Clausura nigromanticae — objaśnił Wierusz — Jakby wyjęta skądś z Paracelsa. Przerzuć dwie kartki i czytaj dalej!
— W noc cichą, w noc księżycową zwierciadło weź panieńskie, zwierciadło, co odbiło już nieraz kraśne lico, i zanurzywszy w kadź z wodą, obróć gładzią ku światłu.

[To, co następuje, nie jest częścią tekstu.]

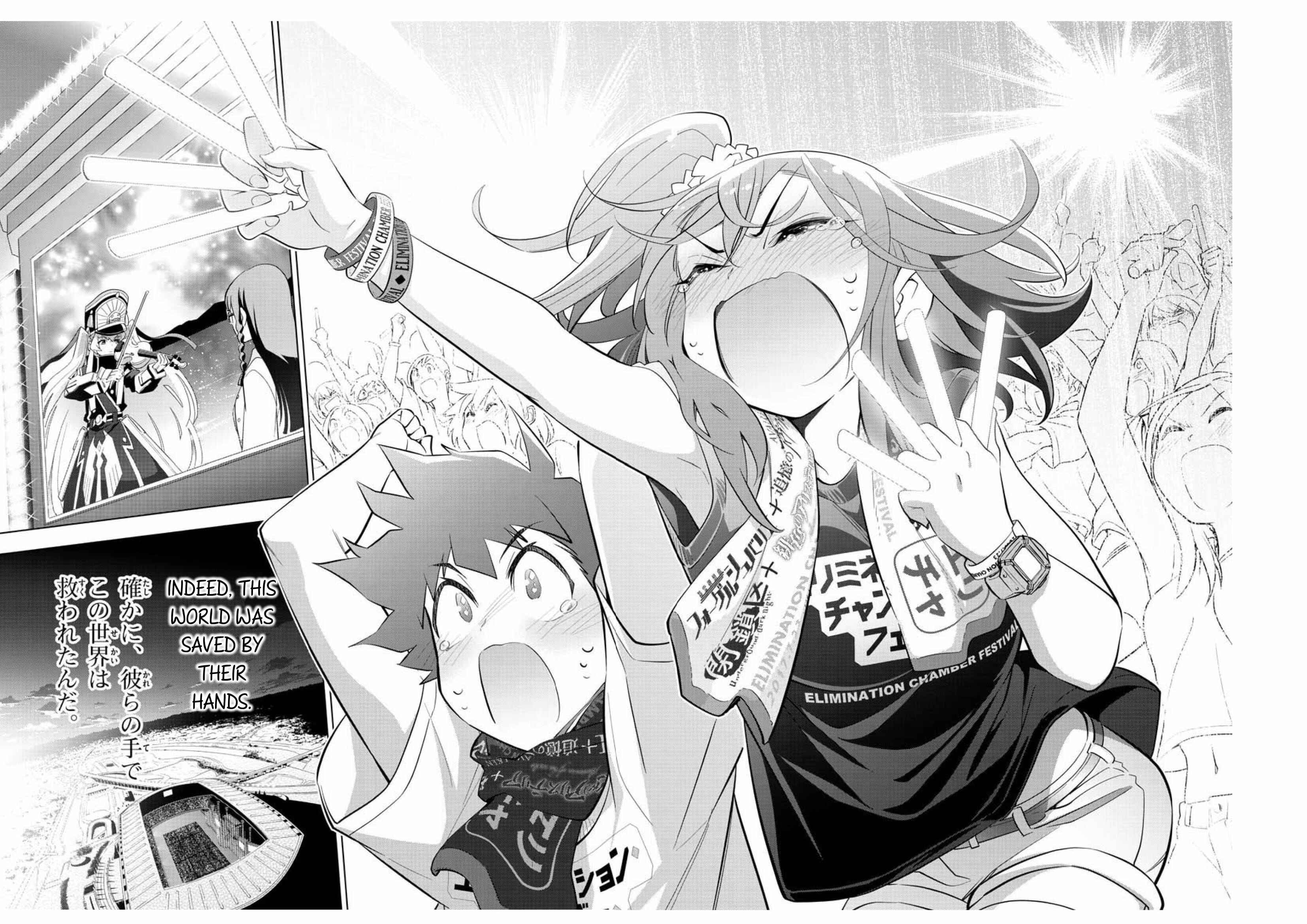 Page 5 Chapter 6 Re:CREATORS One More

A gdy już księżyc wzejdzie, i w głąb kadzi zajrzy, rzuć na zwierciadło owo wieniec ze strzępów koszuli skalanej krwią dziewki, co chorobę przebywa miesięczną. Wieniec ten, gdy się już światłem księżyca nasyci, na głowę włóż kukle...
— Fragment bez końca.
Obróciłem znów kartę i czytałem dalej:
— Rozdział 10. — Praktyki czarnoksięskie ludu na Kujawach w wieku XVII. — ... Jeśli tedy kogo tobie niemiłego na zdrowiu uszkodzić zapragniesz, ulepże przódzi z wosku libo z gliny świeżej łątko małe, kształtem a posturą człeka onego przypominające, któremu choróbsko zadać chcesz a ulepiwszy, włosów parę jego z pod pachy, libo ząb jego, libo paznokiet w przydatku zaczyń... Potem z członków figurynki onej mierę bierz nitką unurzaną w miazdze z rozduszonego pająka i mierę ową przywiąż do szyi żabie alboli leciwej ropusze, co ją w sadzie swoim najdziesz. A skoro już mierę na szyi jakoby pętlę zawiesisz, przekłujże żabie oko igłą, którą szyto przódzi żgło dla człeka zmarłego... Wierę w tydzień najdalej wróg twój serdeczny ciężko zaniemoże...
— Czy nie dostrzegasz w tej naiwnie złośliwej recepcie czegoś w rodzaju metody sympatetycznej? — zapytał, uśmiechając się pobłażliwie Andrzej.